Although Cora had evidently become accustomed to spending long stretches in the house without seeing another soul, she’d also told Holly that every few days she forced herself to head into town. She’d stop at the coffee shop on the corner, she said, and then pick up a few bags of shopping before grabbing a cab home.

Holly supposed that today must be one of those days.

She twisted the key in the lock and stepped inside. As she’d hoped, the house was silent. She could even hear the loud tick of the grandfather clock in the hallway, Cora’s pride and joy that had been passed down by her mother’s side of the family.

She closed the door behind her and dumped her bag and keys on the kitchen counter. There, she found a note from Cora.

Popped to supermarket. Back soon x

She felt her shoulders relax a little, and the thumping headache that had developed on the bus journey back from town receded just a touch.

After surviving virtually a full day of Cora’s incessant reminiscing the day before, Holly had thought that she might actually scream if she had to accompany her on one more minute’s meandering down ruddy memory lane.

If she was a decent person, she probably wouldn’t entertain such unkind thoughts. But you couldn’t stop thoughts dead just because they were selfish, could you? If anything, if you didn’t acknowledge them, they’d probably grow stronger.

Holly was overjoyed that Cora had taken her in so readily, but that didn’t mean she had to sacrifice her sanity every single minute of the day from here on in. Or maybe it did. She wasn’t really in a position to be fussy right now.

She poured herself a small glass of orange juice and sat at the scuffed wooden table for a few minutes, allowing the silence around her to trickle soothingly into her bruised ears.

There had been so much noise in town today. Holly had done the rounds of three busy recruitment agencies with their mostly indifferent staff. Her suspicions had been correct. There really weren’t that many decent job vacancies around currently, certainly not for unskilled staff or with training provided.

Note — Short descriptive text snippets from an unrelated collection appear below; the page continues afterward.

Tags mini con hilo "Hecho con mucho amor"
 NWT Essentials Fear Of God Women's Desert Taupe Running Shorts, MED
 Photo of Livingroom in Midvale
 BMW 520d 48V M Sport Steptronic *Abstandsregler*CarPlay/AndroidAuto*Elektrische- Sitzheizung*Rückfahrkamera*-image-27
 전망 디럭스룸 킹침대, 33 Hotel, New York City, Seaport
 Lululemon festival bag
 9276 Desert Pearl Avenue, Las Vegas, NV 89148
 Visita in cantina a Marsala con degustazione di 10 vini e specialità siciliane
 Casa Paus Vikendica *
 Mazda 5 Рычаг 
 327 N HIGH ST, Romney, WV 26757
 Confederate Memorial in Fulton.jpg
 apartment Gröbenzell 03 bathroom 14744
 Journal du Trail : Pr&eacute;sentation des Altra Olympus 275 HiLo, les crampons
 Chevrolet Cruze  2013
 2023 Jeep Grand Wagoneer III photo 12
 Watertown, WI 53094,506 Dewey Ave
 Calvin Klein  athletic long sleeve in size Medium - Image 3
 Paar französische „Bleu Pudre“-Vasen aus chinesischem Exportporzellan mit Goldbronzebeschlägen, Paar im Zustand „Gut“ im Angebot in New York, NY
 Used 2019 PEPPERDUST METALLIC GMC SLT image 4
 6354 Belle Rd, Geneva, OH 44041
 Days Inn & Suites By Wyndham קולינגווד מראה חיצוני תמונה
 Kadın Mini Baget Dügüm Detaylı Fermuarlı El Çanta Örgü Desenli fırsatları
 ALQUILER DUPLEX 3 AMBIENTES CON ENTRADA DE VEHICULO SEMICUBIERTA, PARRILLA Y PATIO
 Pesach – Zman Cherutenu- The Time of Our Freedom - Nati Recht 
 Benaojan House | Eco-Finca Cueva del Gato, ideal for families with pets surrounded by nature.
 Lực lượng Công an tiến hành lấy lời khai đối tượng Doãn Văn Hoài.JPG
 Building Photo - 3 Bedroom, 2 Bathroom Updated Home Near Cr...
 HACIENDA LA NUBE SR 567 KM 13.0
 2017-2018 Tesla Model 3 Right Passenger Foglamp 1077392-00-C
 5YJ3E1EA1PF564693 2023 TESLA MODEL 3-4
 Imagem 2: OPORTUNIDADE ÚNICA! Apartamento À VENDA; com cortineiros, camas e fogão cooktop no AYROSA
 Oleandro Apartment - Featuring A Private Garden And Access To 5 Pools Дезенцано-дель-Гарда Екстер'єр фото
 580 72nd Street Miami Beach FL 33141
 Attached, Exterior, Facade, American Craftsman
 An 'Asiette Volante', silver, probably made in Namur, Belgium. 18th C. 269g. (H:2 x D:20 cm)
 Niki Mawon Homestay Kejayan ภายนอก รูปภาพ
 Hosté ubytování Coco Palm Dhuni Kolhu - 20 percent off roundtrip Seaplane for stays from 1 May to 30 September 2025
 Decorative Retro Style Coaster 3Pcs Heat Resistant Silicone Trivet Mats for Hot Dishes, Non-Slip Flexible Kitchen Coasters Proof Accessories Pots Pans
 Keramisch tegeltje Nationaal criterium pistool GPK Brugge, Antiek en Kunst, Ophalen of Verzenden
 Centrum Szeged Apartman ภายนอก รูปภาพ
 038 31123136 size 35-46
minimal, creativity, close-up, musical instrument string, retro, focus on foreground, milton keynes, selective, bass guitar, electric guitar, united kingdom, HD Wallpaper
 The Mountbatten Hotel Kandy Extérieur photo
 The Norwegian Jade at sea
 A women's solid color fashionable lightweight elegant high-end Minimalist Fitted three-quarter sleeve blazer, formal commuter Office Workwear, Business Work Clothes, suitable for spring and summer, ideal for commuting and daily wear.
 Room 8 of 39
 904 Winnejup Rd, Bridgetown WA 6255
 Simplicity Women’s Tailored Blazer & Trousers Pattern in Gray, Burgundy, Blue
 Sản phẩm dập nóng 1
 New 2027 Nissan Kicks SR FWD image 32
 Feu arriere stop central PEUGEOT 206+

Once she had explained in the first two appointments that she didn’t possess a university degree or hold a sheaf of impressive qualifications in her non-existent portfolio, she saw their already sparse enthusiasm fade away before her eyes.

It had taken all her resolve not to give up.

When she had entered the third and final agency, Office Cherubs, she was met at the door by a woman with dry brown hair, over-tanned skin and rabbit-like teeth.

‘I’m Karen, recruitment consultant,’ she said, extending a hand together with her self-important title. ‘You must be Holly?’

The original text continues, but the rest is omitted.